Sunday 20 October 2024

Fiscal Drag, Indeed

Rachel Reeves is a purely titular Chancellor of the Exchequer, whose Cabinet colleagues ignore her and deal directly with a Prime Minister who does not rebuke them. Still, she is the Second Lord of the Treasury to his First, so they must both take responsibility for the £149 increase in energy bills, for the 22 to 44 per cent increase in water bills, for the zero growth in GDP, for the mere 0.3 per cent retail growth, for the steepest September reduction in consumer confidence in 48 years, for lower investor confidence than there was under Liz Truss, and for the five per cent increase in the number of firms at risk of collapse.

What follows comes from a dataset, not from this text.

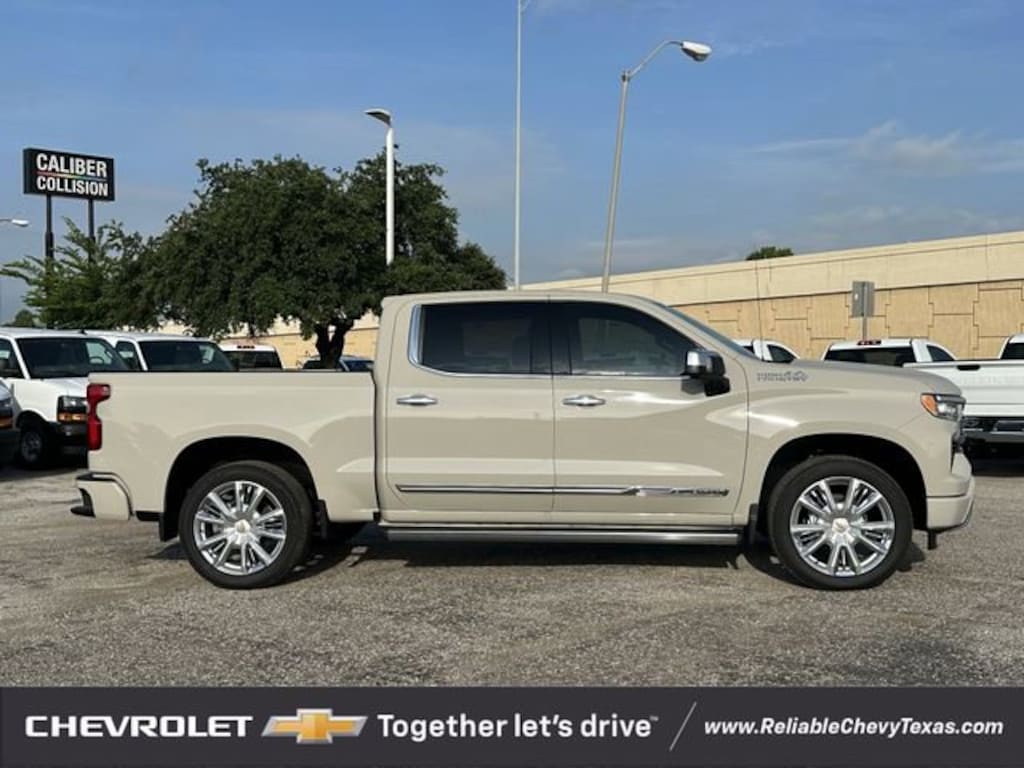 New 2026 Chevrolet Silverado 1500 High Country Truck Crew Cab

Male life expectancy has fallen by 266 days, yet Reeves plans to put up the pension age. The capital expenditure rules have been scrapped, which may or may not be a good thing depending on the details, but which is a clear breach of the Labour manifesto. As is the straightforwardly bad abandonment of the commitment not to increase National Insurance contributions. Fiscal drag is also a directly manifesto-breaching increase in income tax.

And neither Reeves nor anyone else knows whether VAT on school fees is supposed to be a permanent source of income, or a means of closing those schools. It cannot be both. During this Parliament, the measures that it had been supposed to fund will be deemed to have been achieved, and the tax will be discontinued. If that required both a new Chancellor and a new Education Secretary, then those there would be.